The wisest thing he could do was to watch and wait. As Alexei had said, some things take time and patience. But he would not forget. Sergei knew he had made a formidable enemy. But then, so had Zakolyev.
Another change had occurred since that night Alexei had visited. A part of Sergei’s dedication had departed with the Cossack. He now felt a growing sense of detachment, as if he were an observer rather than a participant in the life around him.
In the coming months he sp
ent more time alone, in the quiet of his uncle’s library. He would turn the globe on his desk, letting his fingers drift to the north, south, east, and west.

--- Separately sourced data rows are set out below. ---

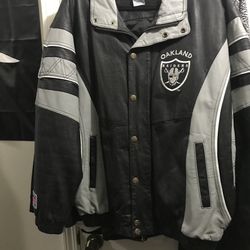 Raiders Leather Starter Jacket ( Size Large ) Genuine Leather 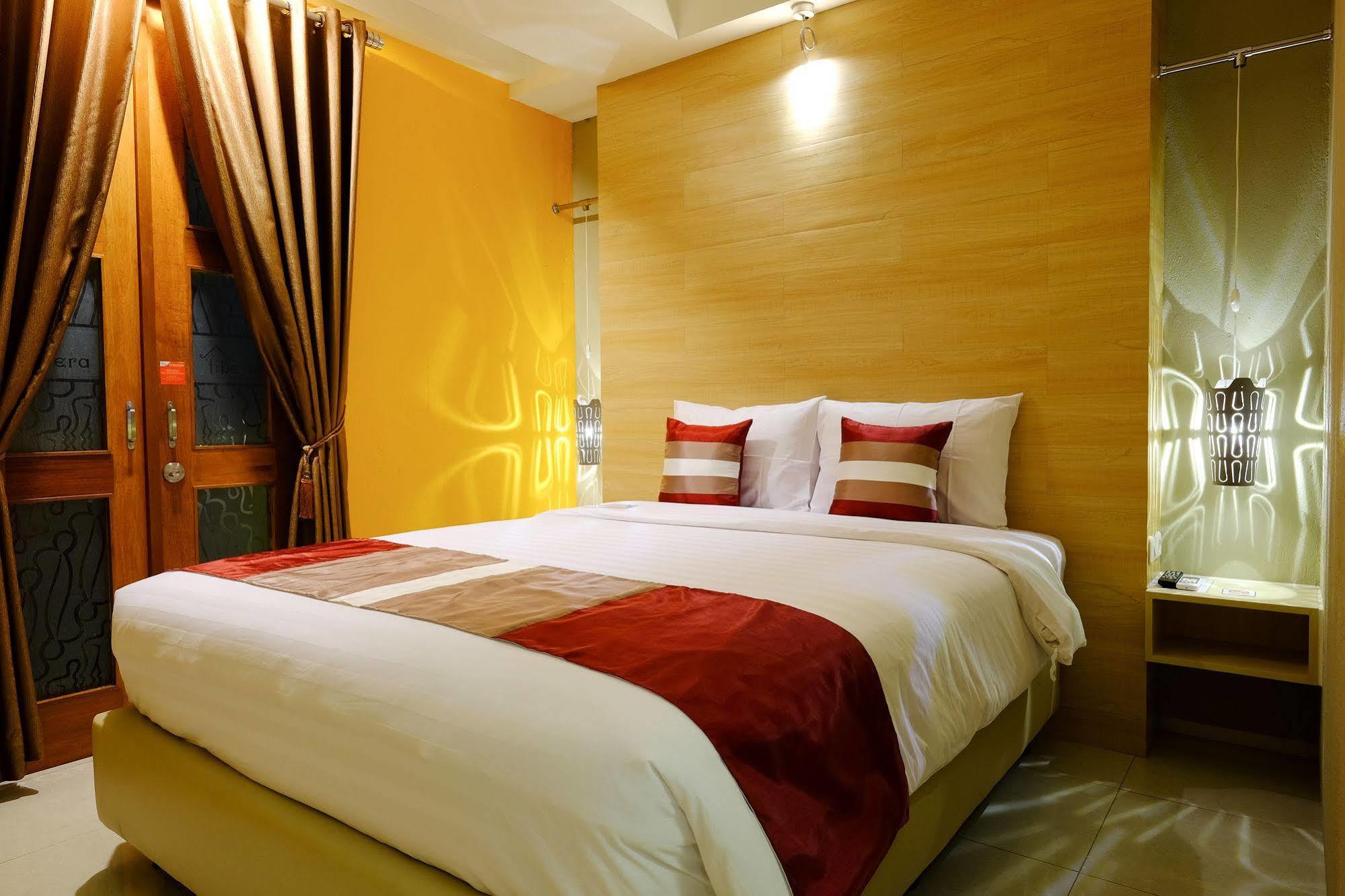 Tibera Hotel Ciumbuleuit Бандунг Экстерьер фото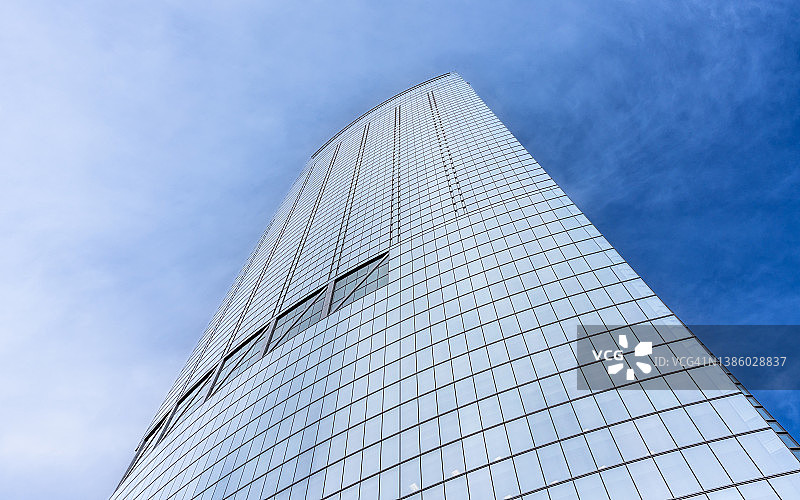 仰望加利福尼亚州洛杉矶的威尔希尔大酒店图片素材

Soon after the spring thaw Sergei was sitting in the library reading the dialogues of Socrates when the strangest thing happened: Out of nowhere, a vivid image appeared in his mind—a rough-hewn face with a nose that looked as if it had been broken, chin and cheeks covered with a beard, and coarse, curly hair. Yet the face had an air of strength and integrity, with eyes that reminded Sergei of thunder and lightning.
Then Sergei heard the words, “I am a citizen not of Athens or of Greece but of the world…” In a flash Sergei realized that this vision was none other than Socrates himself. The apparition spoke only six words before it vanished: “A new world…to the west…”
Then all was quiet. Sergei was back in his uncle’s library at the Nevskiy Military School. He had no idea what had happened or why. He did not believe that the spirit of the Greek philosopher had actually visited or spoken to him. After all, the words were not in Greek but in his own language. Yet the words came from somewhere…What new world? Where to the west? Sergei recalled something that Andrei had told him years before, after they had met: “I wasn’t born in Russia, but in a land to the west, across the sea…in a place called America.”
Perhaps my own mind created his face and drew forth these words. But why? Sergei thought. He looked once more in the book, hoping for another vision. Finally, he replaced the book on the shelf and was turning to go when something caught his eye—a letter lying askew on his uncle’s desk. Curious, Sergei stole a glance:
NOTICE:
To Vladimir Borisovich Ivanov,
Chief Instructor, Nevskiy Military School:
In one week’s time, a garrison of soldiers will pass your school on the way south to the Pale of Settlement for Jewish duty. All seniors and elite cadets will join this garrison for three months. This field experience will prepare your cadets for duties to come. Remind them they act in the name of the Tsar, the Holy Church, and Mother Russia.